# File Input/Output (I/O)

**Learning Objectives**:

- Read / write files using base Python and the `pandas` package.
- Use the `os` package to loop through multiple files.

****

We often will need to access data in external files. In order to be able to work with the data, we'll need to **read** the data into Python. Then, after an analysis, we might need to **write** new files which contain outputs. These two tasks - file input and output - are closely related, and there's a variety of approaches to complete them in Python.

## Importing a Single File 

### Opening Files with Base Python

The base Python way of importing files uses three basic steps:

1. Opening the file
2. Reading the file
3. Closing the file

Let's open the file below. What type is the `text` variable? What additional processing is needed to parse this file?

In [None]:
my_file = open("capitals.csv", "r")
text = my_file.read()
my_file.close()

print(text)

## Opening Files with `pandas`

More commonly, we will use a package that does a lot of the parsing for us. The `pandas` package has a rich set of tools to help import and parse files. For example, the `pandas.read_csv()` function is particularly useful here. The [documentation](https://pandas.pydata.org/docs/reference/api/pandas.read_csv.html) shows the many arguments that can be used to customize the read_csv function. In this case, let's use the defaults for most arguments.

What additional processing would be necessary to parse this file? How many rows/columns are in the file?

In [None]:
import pandas as pd
pd.read_csv("capitals.csv")

# Filepaths

A **filepath** is the location of a file on your system. There are two kinds of filepaths:

* **absolute**: The filepath from the top level directory.
    * For Macs, these begin with a forward slash, e.g. `/Users/[USERNAME]/directory/subdirectory/file`.
    * For Windows, these begin with a backward slash or, more commonly, a volume, e.g. `C:\Documents\directory\subdirectory\file`.
* **relative**: The filepath relative to the current working directory (i.e. notebook location). Common locations include: 
    * File in same folder: `./file` or `file` (`.` means 'here').
    * Subfolder: `subfolder/file`.
    * Higher folder: `../sisterfolder/file` (`..` means 'go up one level in the directory').

Both kinds of paths work for file names, but they will look different in the code. 

The above example used a relative filepath, since the file is in the same directory. Where was the file in relationship to the current working directory? 

What would the direct filepath be for your machine? 

In [None]:
# YOUR CODE HERE


## Challenge 1: Subfolder Access

There is a `capitals2.csv` file in the `data` subfolder of this folder. This is a common structure for projects, because it is easy to locate with a relative path, and contains only the files that will be analyzed.
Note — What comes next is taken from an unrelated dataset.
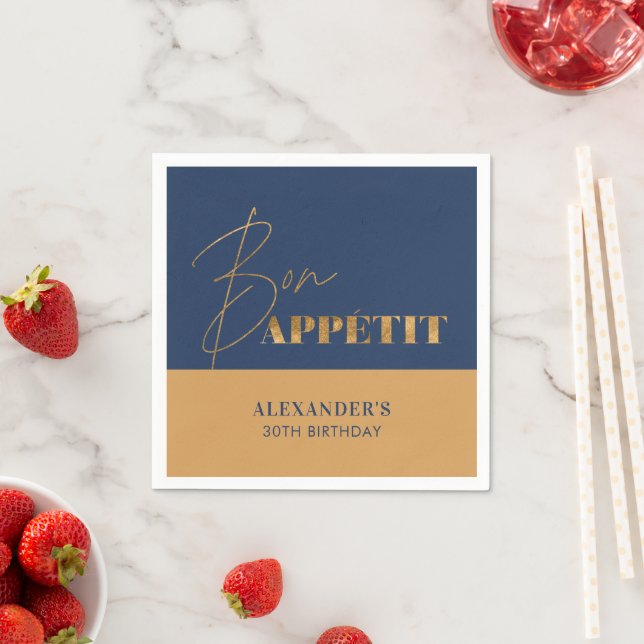 Serviette En Papier Chic Navy et Gold Bon Appétit Script Anniversaire (En situation)
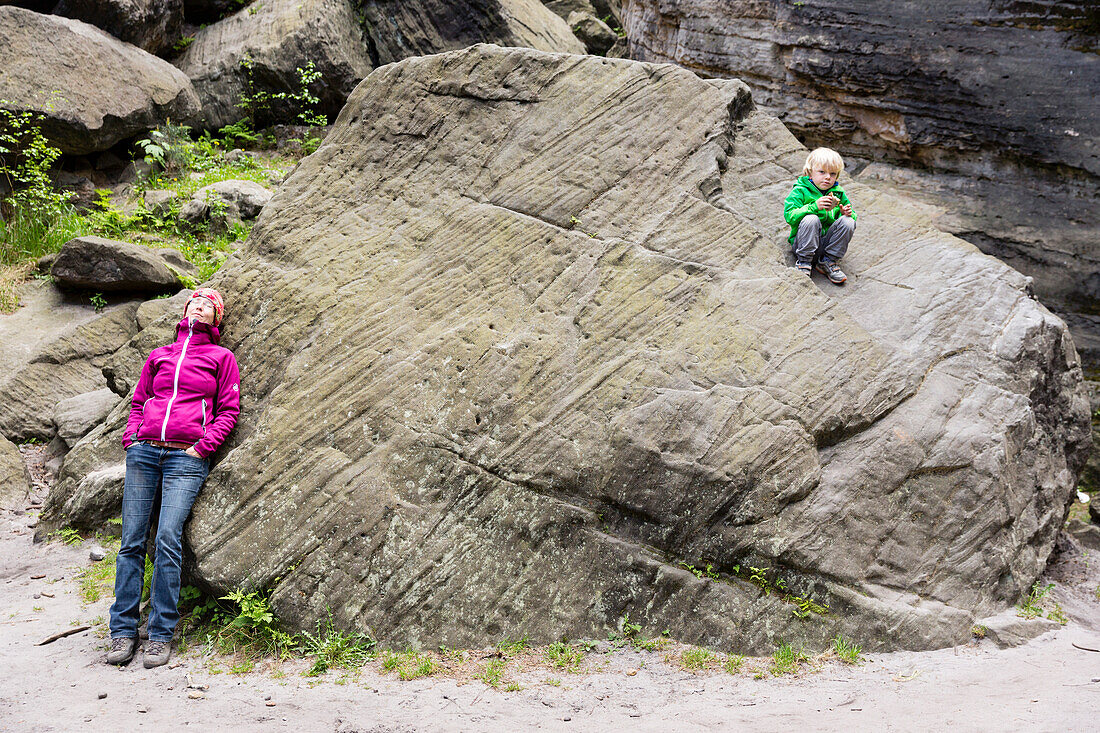 Mother and son resting on rocks, climbing area, Saxony Switzerland, Elbe sandstone mountains, MR, Dresden, Saxony, Germany, Europe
Each of the ways below are incorrect, and give an error. What is the error? How would you properly access the file?

In [None]:
pd.read_csv('capitals2.csv')

In [None]:
pd.read_csv('../capitals2.csv')

In [None]:
pd.read_csv('/data/capitals2.csv')

# Iterating through a directory

The data subfolder actually has two files in it. Let's say that we want to loop through each of the files in the directory: 

``` 
for file in directory:
    do something
```

One way is to make a list of relative paths, loop through the paths, and perform the operation. That would look like: 

In [None]:
files = ['data/capitals.csv', 'data/capitals2.csv']

for file in files:
    print("Processing filename:", file)
    print(pd.read_csv(file).head())

This method works for a few items, but what if we were processing dozens or hundreds of files? This would get quickly tedious. We can use the `os` package to automatically list the files in the directory.

In [None]:
import os

filelist = os.listdir('.')
filelist

Another useful function from `os` is `os.path.join()`, which joins together a directory and a file. 

In [None]:
base_path = '.'
file = '14_Statsmodels.ipynb'
joined = os.path.join(base_path, file)

In [None]:
print(base_path)
print(file)
print(joined)

## Challenge 2: Reading in Multiple Files

Use `os.listdir()` to identify each file in the `data` subfolder. Read each `csv` file in the list using `pd.read_csv()` and append it to the variable `df_list`. 

**Hint**: Are there any non-csv files in the folder? What happens when you try to read them in with `read_csv()`? How can we account for them?

**Bonus**: Wrap this code in a function called `read_files()` that takes as input a directory and returns a list of `pd.DataFrames`.

In [None]:
df_list = []

# YOUR CODE HERE


## Combining Multiple File Inputs

We can combine the `pd.DataFrames` using `pd.concat`, which takes a list of data frames and stacks them:

In [None]:
result = pd.concat(df_list)

## Writing Files

A `pd.DataFrame` can be exported to a csv (or other filetype) using `df.to_csv()`. This is a method function built-in to every data frame.

In [None]:
result.to_csv('result.csv')

Congratulations! We now have covered loading in single and multiple files, and common strategies for getting data into our Python environment for processing. Now, it's possible to use this data for analysis in the future.